**Work required**
Output all of the data exactly, keeping any images out of the copy.
-- Dataset section follows --
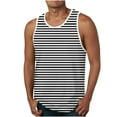 thumbnail image 1 of S-4X Plus Size Tank Tops for Men Big & Tall Sleeveless Shirts Mens Casual Stripe Printed Pullover Crewneck Breathable Athletic Workout Vests, 1 of 5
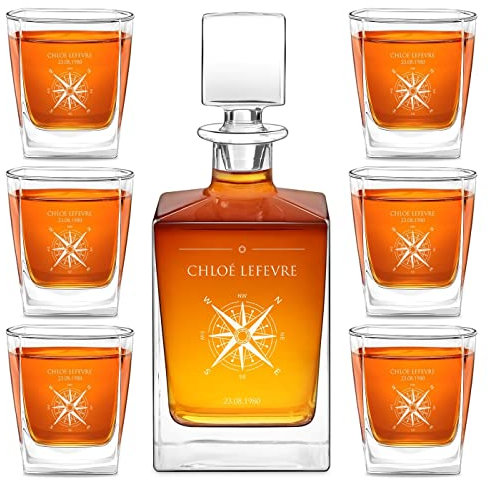 Maverton Carafe et Verres à whisky avec gravure Idee Cadeau Femme - 810ml Carafe Whisky + 6 Verre a Whisky 250 ml - Service personnalisé pour elle - Cadeau Anniversaire Femme - Rose des vents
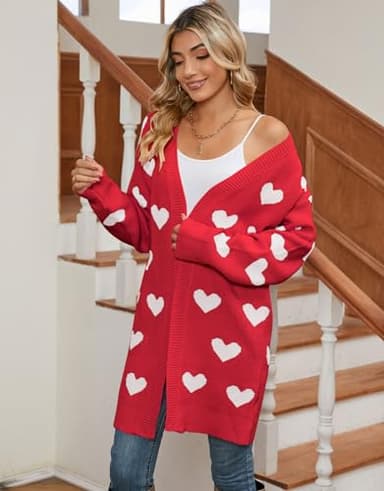 Alsol Lamesa Women's Long Sleeve Cute Cardigan Sweaters V Neck Open Front Ribbed Knit Heart Sweater Coat - Image 2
-- Dataset section concluded --
**Solution**
 thumbnail image 1 of S-4X Plus Size Tank Tops for Men Big & Tall Sleeveless Shirts Mens Casual Stripe Printed Pullover Crewneck Breathable Athletic Workout Vests, 1 of 5
 Maverton Carafe et Verres à whisky avec gravure Idee Cadeau Femme - 810ml Carafe Whisky + 6 Verre a Whisky 250 ml - Service personnalisé pour elle - Cadeau Anniversaire Femme - Rose des vents
 Alsol Lamesa Women's Long Sleeve Cute Cardigan Sweaters V Neck Open Front Ribbed Knit Heart Sweater Coat - Image 2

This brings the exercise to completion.